I WHEN poppies fired the nut-brown wheat, My love went by with sun-stained feet: I followed her laughter, followed her, followed her, all a summer’s morn! But O, from an elfin palace of air, A wild bird sang a song so rare, I stayed to listen and—lost my Fair, And walked the world forlorn. II When chalk shone white between the sheaves, My love went by as one that grieves; I followed her weeping, followed her, followed her, all an autumn noon! The sunset flamed so fierce a red From North to South—I turned my head To wonder—and my Fair was fled Beyond the dawning moon. III When bare black boughs were choked with snow, My love went by, as long ago; I followed her dreaming, followed her, followed her, all a winter’s night! But O, along that snow-white track With thorny shadows printed black, I saw three kings come riding back, And—lost my life’s delight. IV They are so many, and she but One; And I and she, like moon and sun So separate ever! Ah yet, I follow her, follow her, faint and far; For what if all this diverse bliss Should run together in one kiss! Swift, Spring, with the sweet clue I miss Between these several instances,— The kings, that inn, that star. V Between the hawk’s and the wood-dove’s wing, My love, my love flashed by like Spring! The year had finished its golden ring! Earth, the Gipsy, and Heaven, the King, Were married like notes in the song I sing, And O, I followed her, followed her, followed her over the hills of Time, Never to lose her now I know, For whom the sun was clasped in snow, The heights linked to the depths below, The rose’s flush to the planet’s glow, Death the friend to life the foe, The Winter’s joy to the Spring’s woe, And the world made one in a rhyme.
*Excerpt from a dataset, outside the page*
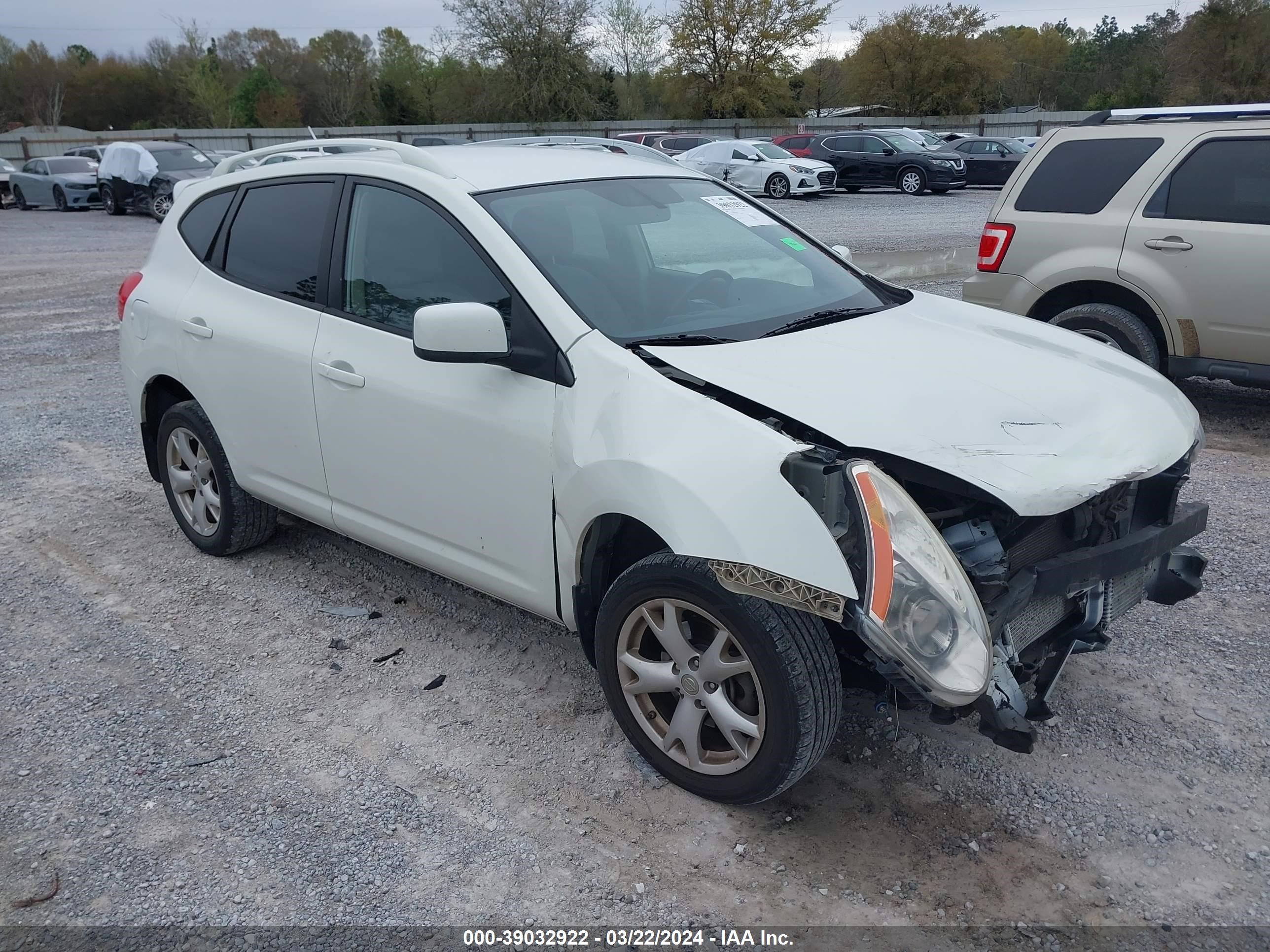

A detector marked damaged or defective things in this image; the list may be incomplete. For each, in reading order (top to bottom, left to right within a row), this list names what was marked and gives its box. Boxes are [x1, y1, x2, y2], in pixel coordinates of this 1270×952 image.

IN MEMORIAM: SAMUEL COLERIDGE-TAYLOR

FAREWELL! The soft mists of the sunset-sky Slowly enfold his fading birch-canoe! Farewell! His dark, his desolate forests cry, Moved to their vast, their sorrowful depths anew. Fading! Nay, lifted thro’ a heaven of light, His proud sails brightening thro’ that crimson flame, Leaving us lonely on the shores of night, Home to Ponemah take his deathless fame. Generous as a child, so wholly free From all base pride that fools forgot his crown, He adored Beauty, in pure ecstasy, And waived the mere rewards of his renown. The spark that falls from heaven not oft on earth To human hearts this vital splendour gives; His was the simple, true, immortal birth. Scholars compose; but—this man’s music lives! Greater than England or than Earth discerned, He never paltered with his art for gain: When many a vaunted crown to dust is turned, This uncrowned king shall take his throne and reign. Nations unborn shall hear his forests moan; Ages unscanned shall hear his winds lament, Hear the strange grief that deepened through his own The vast cry of a buried continent. Through him, his race a moment lifted up Forests of hands to Beauty as in prayer; Touched through his lips the sacramental Cup, And then sank back—benumbed in our bleak air. Through him, through him, a lost world hailed the light! The tragedy of that triumph none can tell,— So great, so brief, so quickly snatched from sight; And yet—O hail, great comrade, not farewell!